**What is required**
Everything from the line containing "Кольца для прицела" through the line containing "Players 成员 –" should be repeated exactly, and nothing else from the data.

**Provided entries**
+===+

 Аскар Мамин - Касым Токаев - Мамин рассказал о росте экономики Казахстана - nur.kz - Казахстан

+===+

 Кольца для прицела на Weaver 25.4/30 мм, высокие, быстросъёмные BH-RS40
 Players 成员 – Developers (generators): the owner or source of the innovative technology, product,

+===+

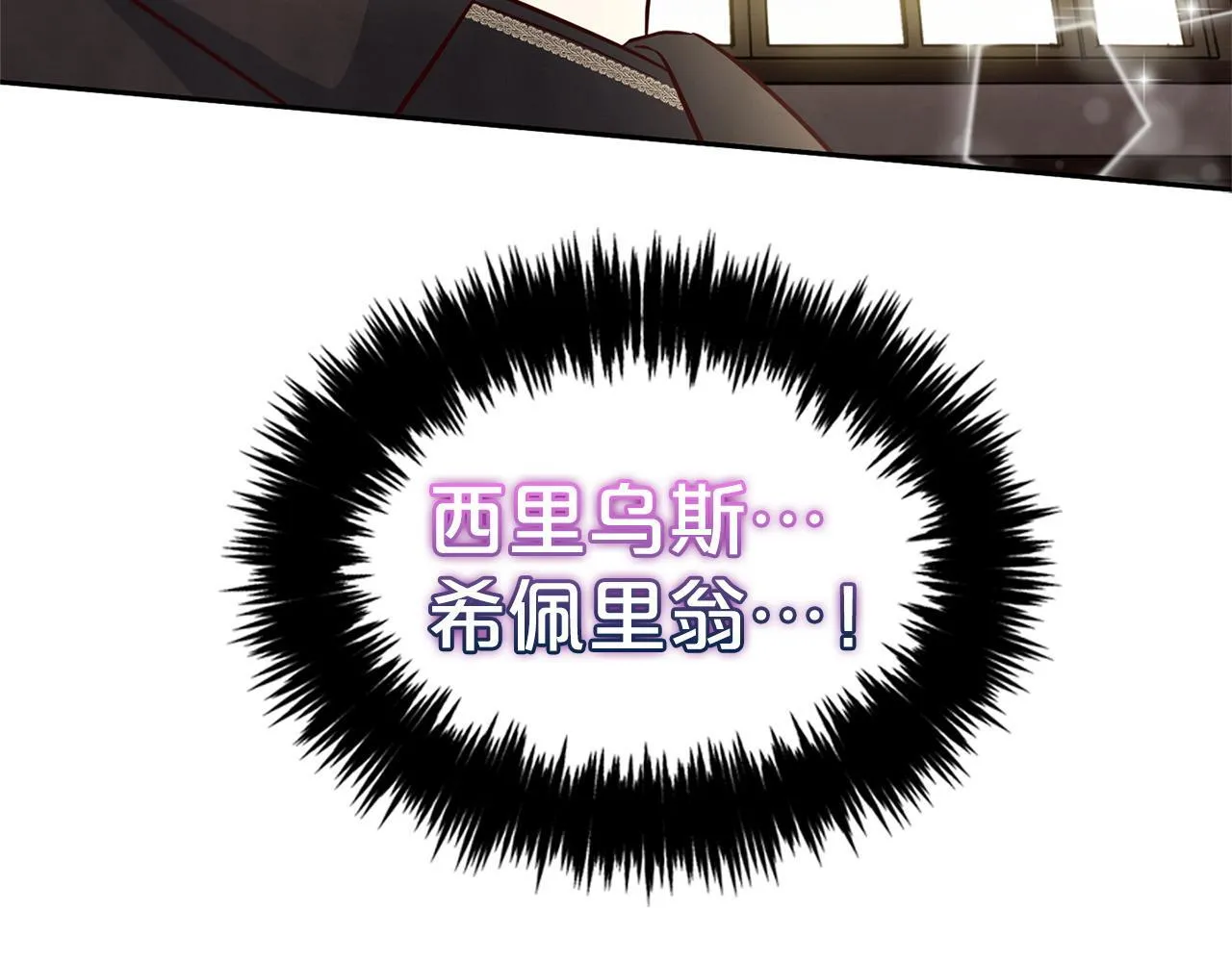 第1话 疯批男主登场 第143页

+===+

**Result of the task**
 Кольца для прицела на Weaver 25.4/30 мм, высокие, быстросъёмные BH-RS40
 Players 成员 – Developers (generators): the owner or source of the innovative technology, product,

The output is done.